Tom had a rather unique take on Control Priest, opting to include two Void Rippers that can be used, for example, in combination with Pint-Size Potion to kill low-attack minions. Usually the card is used in Combo Priest lists as an alternative way to turn Divine Spirit into damage, but Tom’s Control list does not include means to significantly buff the health of minions.

Other than that, it’s Control Priest as usual: stealing stuff with Twilight Acolyte or Pint-Size Potion and Cabal Shadow Priest or Potion of Madness and using Elise the Trailblazer and Shadow Visions to generate several Un’Goro Packs if value is needed. Drakonid Operative can also grab the opponent’s win condition and turn it against them.

Deck code: AAECAZ/HAgLPxwKQ0wIOkALlBI0I8gyhrAKStAKCtQK1uwK6uwLovwLRwQLL5gL86gL96gIA

DacRyvius’s Cube Control Warlock

Who needs Doomguards, anyway? DacRyvius brought this double-Cube Control Warlock to the tournament. It affords a level of protection against getting your stuff stolen, too: just Faceless or Taldaram the Voidlord your opponent just took.

Interestingly enough, he opted to run Ironbeak Owl and Prince Taldaram in the same deck, thus requiring the Owl draw before Taldaram is usable. Owl works well with Defile, but Spellbreaker would have avoided a number of awkward moments.

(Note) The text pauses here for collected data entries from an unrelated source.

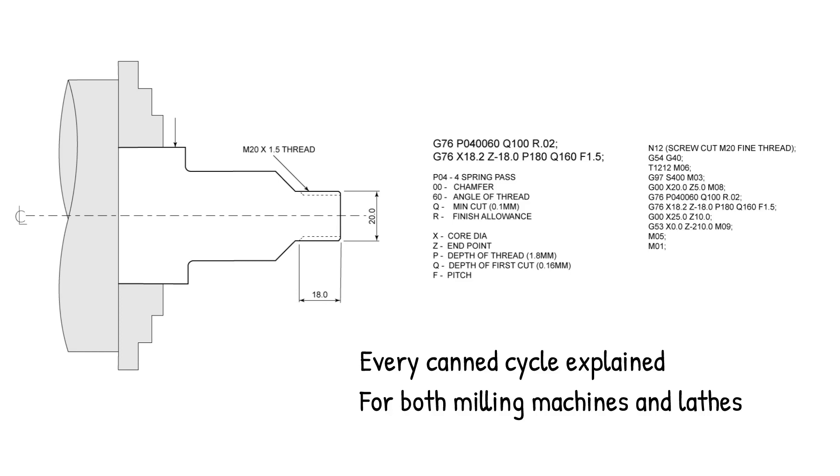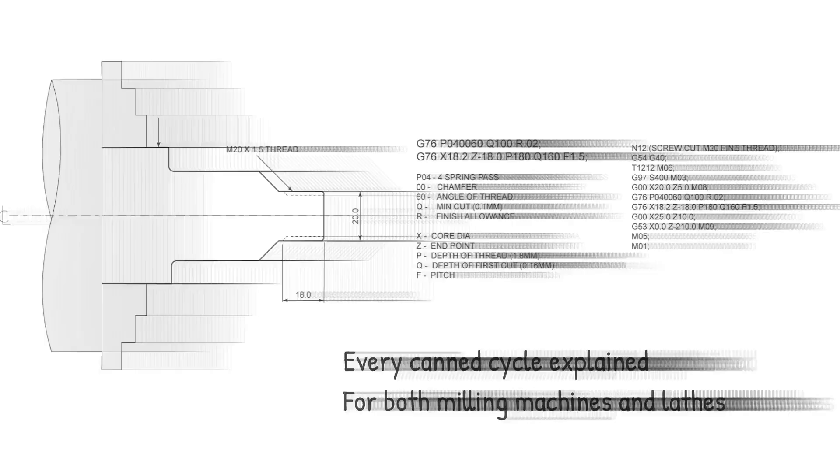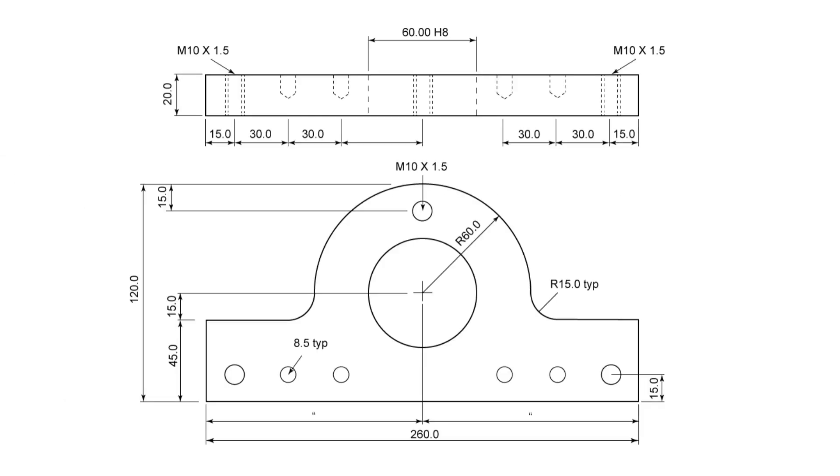The courses include every canned cycle for both milling machines and lathes. You will be programming complex parts in no time.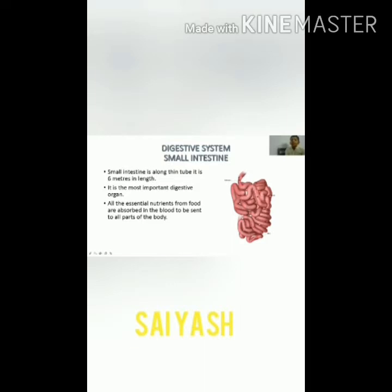This is the small intestine. The small intestine is a long, thin tube. It is 6 meters in length. It is the most important digestive organ. All the essential nutrients from the food are absorbed into the blood to be sent to all parts of the body.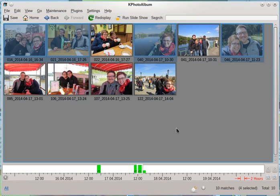Hi, my name is Tobias Leupold and I will show you the new face detection and face recognition functions of KPhotoAlbum.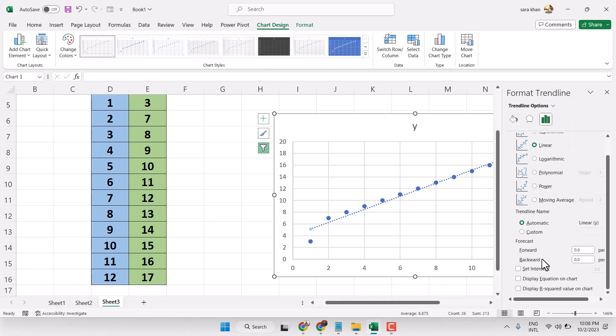Here you will see the option forecast. You can increase by here, like 5, then click anywhere.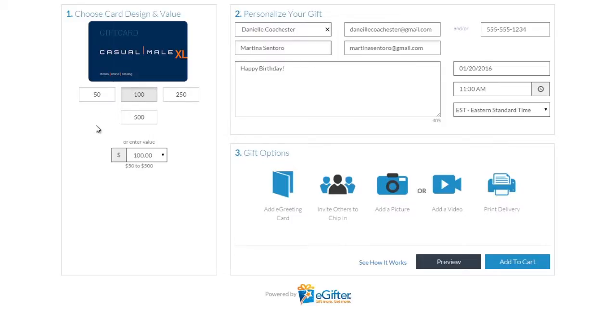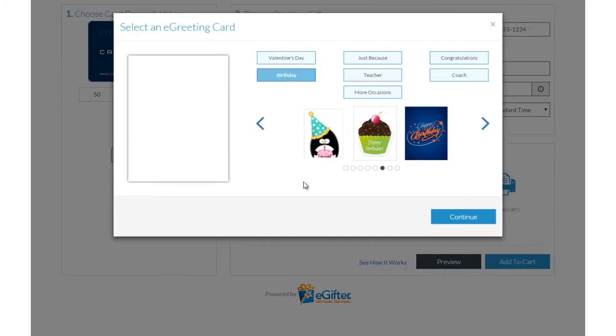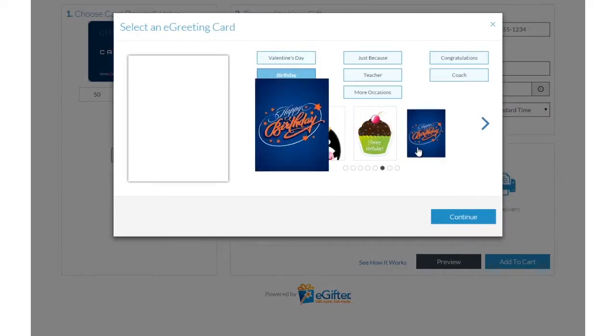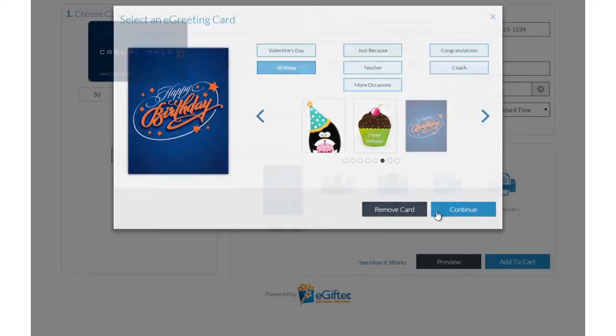You can send the gift by email, text message, or even a social post. Personalize your gift with an animated greeting card, photo, or video message.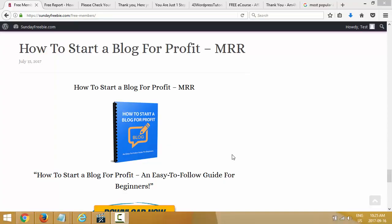Hey, this is Cedric and I want to welcome you to the Sunday Freebie training video. Let's recap what we've done so far. In the first video we talked about domain name, hosting account, and autoresponder. Second video we downloaded Composer, which is a free HTML editor, and FileZilla, which is a free FTP program to upload files to our server. We also talked about Notepad, which should already be installed on your computer.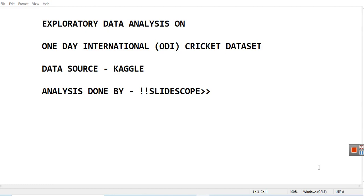Hello friends, welcome once again to another educational video of Slidescope. In this video, we are going to do some exploratory data analysis on One Day International or ODI cricket dataset. The data source is Kaggle, so you can search for this dataset on Kaggle. In this part, we will be analyzing this dataset, which is present in the form of a CSV file.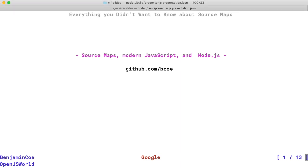Hello, my name is Benjamin Koh. I'm excited to be here today at OpenJS World. Today I'm going to be giving a lightning talk entitled Everything You Didn't Want to Know About Source Maps.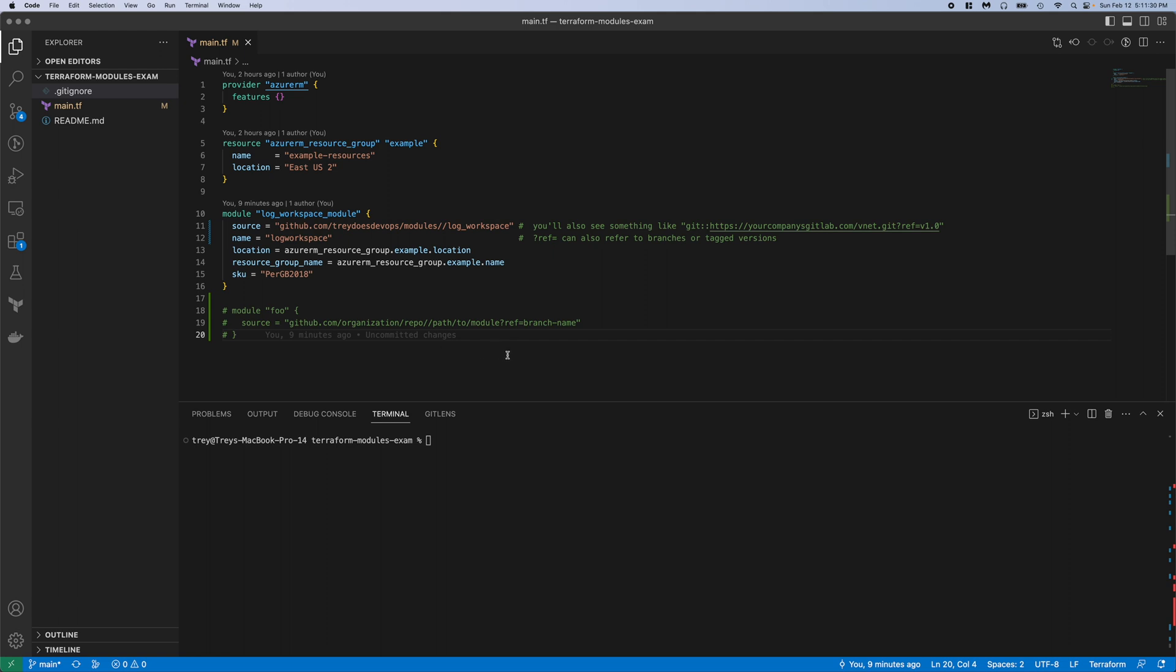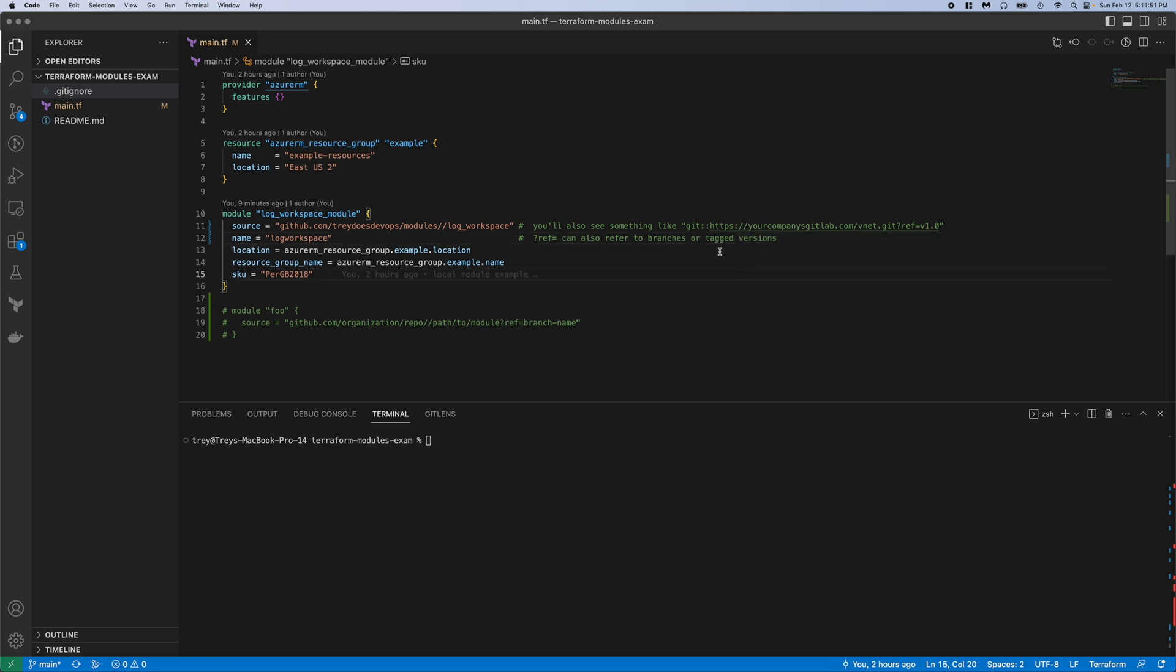Lastly, you see this question mark ref equals branch name. If you have a feature branch or any other kind of branch, you can add that in here. If you leave it off, it just uses the main, which is what I'm doing here. That question mark ref, oftentimes you'll see like a version 1.0 or 1.1 whatever, which is just a tagged version.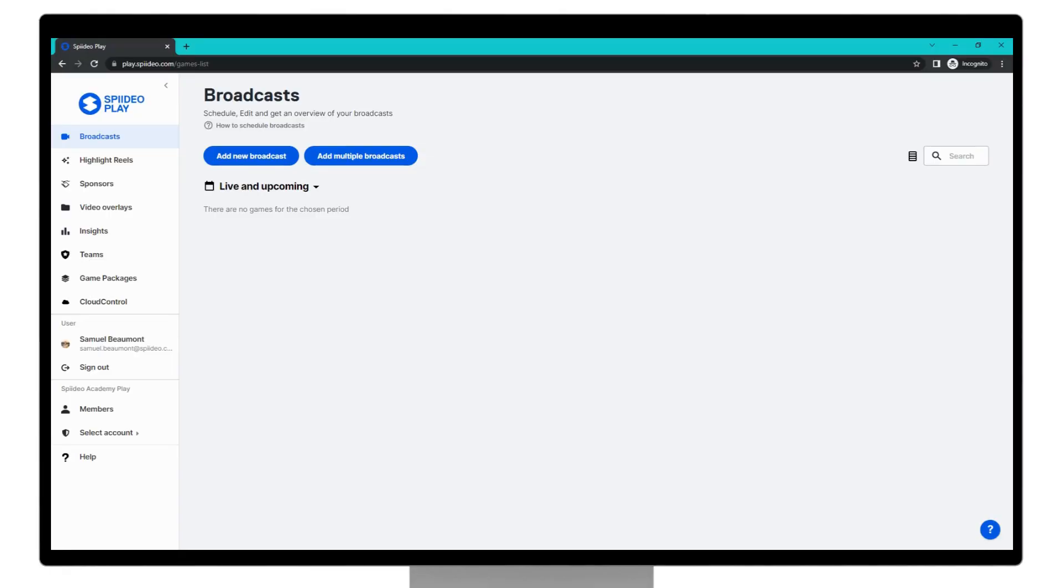Hi everybody. My name is Sam, and today I'm going to take you through a tutorial on how to start your first SpideoPlay broadcast. I'll go through the steps you need to take before starting your broadcast and then everything you need to do when creating your broadcast.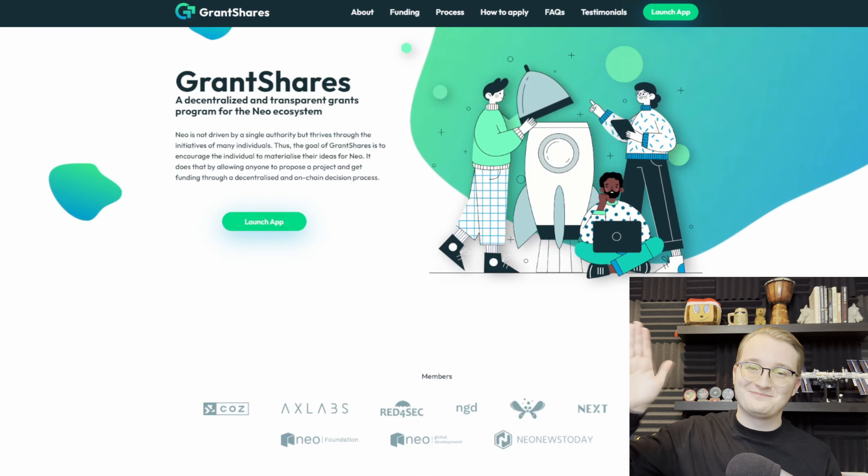That's going to do it for this brief overview of the GrantShares DAO. If you're interested in checking it out, I will leave a link in the description to the app. I would love to hear back from you all what you think of this GrantShares DAO and how it can benefit the Neo3 ecosystem. I think it's a pretty cool idea, and decentralized funding is definitely the future.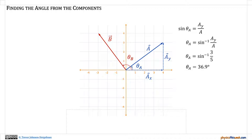Now suppose I know what the components are but I want to figure out what the angle is. In the first quadrant it's just like before: sine theta-a equals a-y over a, so theta-a equals the inverse sine of a-y over a. Putting in the numbers, theta-a equals the inverse sine of 3 over 5, and evaluating that I get theta-a equals 36.9 degrees.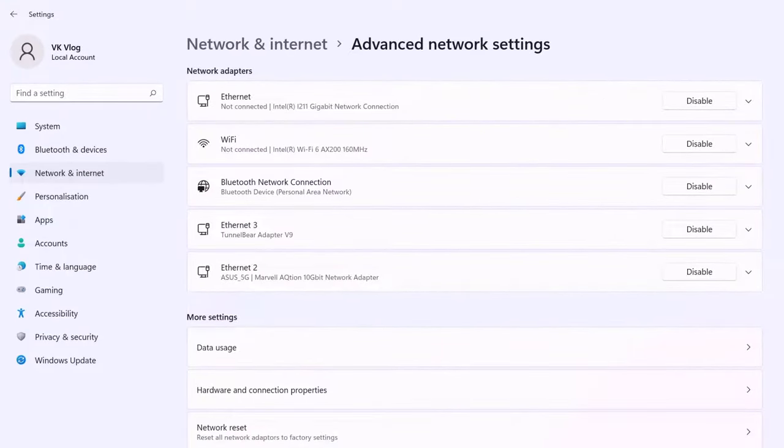That's it friends. This is the way you can enable or disable internet adapters in Windows 7. Hope this video is very much helpful.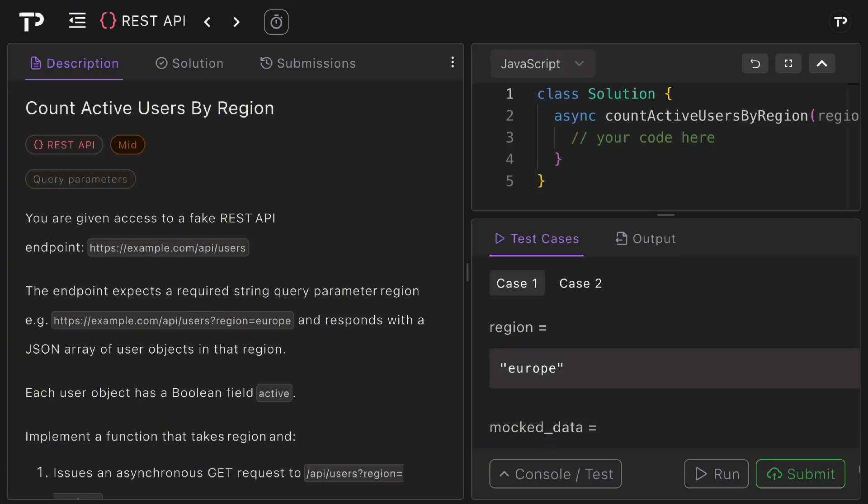In this video we are going to walk through a coding solution to the count active users by region REST API technical interview question so let's jump in.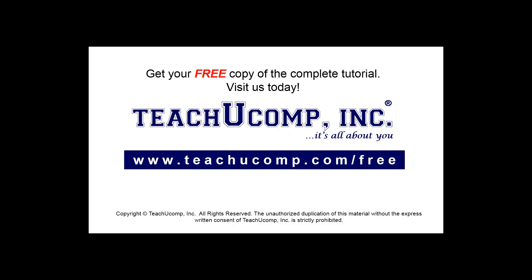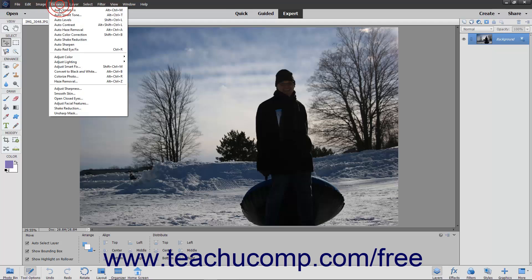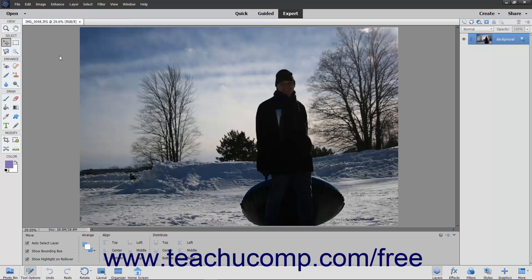Get your free copy of the complete tutorial at www.teachucomp.com/free. One disadvantage of using the autofix commands is that you do lose some control over the final outcome. Elements offers several manual commands that give you more precise and sometimes subtle control over the outcome of your images.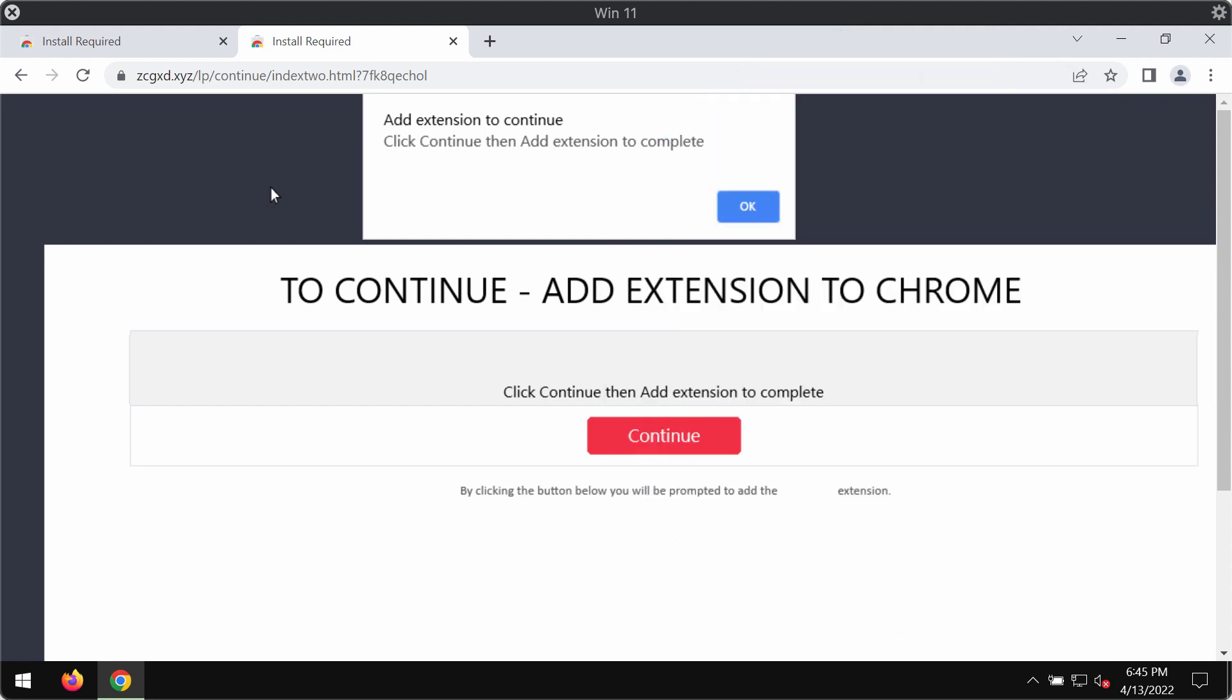zcxcd.xyz tells you to install the extension supposedly to update your Google Chrome browser or for some other reasons, but the point is that interacting with these extensions is extremely dangerous because they may function as adware or as browser hijackers that may change some crucial browser settings, for instance they may change the default home page.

There are also both Skull of the Man’ari and Rin in the deck. It is seen in Control Warlocks occasionally, bad luck protection of sorts, but it does mean that if you equip the Skull, you end up pulling Azari from hand without the Battlecry – unless, of course, you overwrite your Skull with Medivh, also included in the deck.

The final interesting choice in the deck is Corrupting Mist, a delayed board clear that is included over Doomsayer. It does not prevent development, but it is quite effective at killing whatever is on the board when it is played.

Deck code: AAECAf0GCqIC4KwCobcCj8cCoM4C8tACl9MCneIC2OcC2+kCCpME2wa2B97EAufLAvjQAojSAovhAvzlAujnAgA=

Reall’s N’Zoth Mage

Reall piloted N’Zoth Mage the furthest in this tournament, reaching the top-8. His take includes two copies of Coldlight Oracle, a great card draw option in control meta, often able to mill some of the opponent’s cards while drawing some for yourself.

No Plated Beetles in this one, the only Deathrattle minions are Sindragosa’s Frozen Champions and Pyros.


Illsory’s Miracle Rogue

It has been a while since we’ve seen a Miracle Rogue top-4 a tournament. I’m not sure how much I want to praise Illsory’s Rogue though, as in the final matches it seemed that he was able to pick up wins in spite of bringing Miracle more than because he brought Miracle.

All in all, it’s a fairly regular up-to-date Miralce Rogue build. There’s an Acidic Swamp Ooze tech, which can help against Skull of the Man’ari, and that’s about it. No Arcane Anomaly here, Fire Fly and Acidic Swamp Ooze take those slots.


Illsory’s Big Priest

Control decks giving you trouble? Hit them in the head with huge minions right from the beginning and make new copies of them should any of them accidentally die. Big Priest put up a great performance at HCT Bangkok, and Illsory piloted this build all the way to top-4.

Pretty standard stuff. I really enjoy the Embrace the Shadow + Circle of Healing combo and have used it myself for a long time, but overall it still seems to be a somewhat rare inclusion.

Deck code: AAECAZ/HAgqiCaUJ0wqoqwKFuAK3uwLqvwLCzgLo0AKQ0wIK0grXCqGsAqesAui/AtHBAuXMAubMArTOAuPpAgA=

Crane’s Spiteful Priest

Four Spiteful Priests in the top-8, you say? That’s a lot of anti-control angst. DacRyvius really did not want to lose to Priest and brought double Dragonslayers and ShangHigh cut the Skulking Geist for Lich King, but I really like Crane’s build. Simple, elegant, has Geist in it. It is the most ladder-ready of the top Spiteful builds seen in the tournament.

Deck code: AAECAZ/HAgaQAooHqrIC4b8CoM4C0OcCDAiNCPIMgrUCursC8LsC2cECmcgCzswCy+YC/OoC1+sCAA==

2 thoughts on “Hearthstone HCT Bangkok March 2018 Tour Stop decks, results, and analysis”

  1. On mobile the formatting of all the tables is off, the background changes from white to black when I scroll to the right, making the text unreadable. I tried Firefox and chrome.

    1. Yeah, there was some carryover formatting from copy/pasting the tables from Word/Excel. Should be slightly better now, still not fully responsive but at least readable.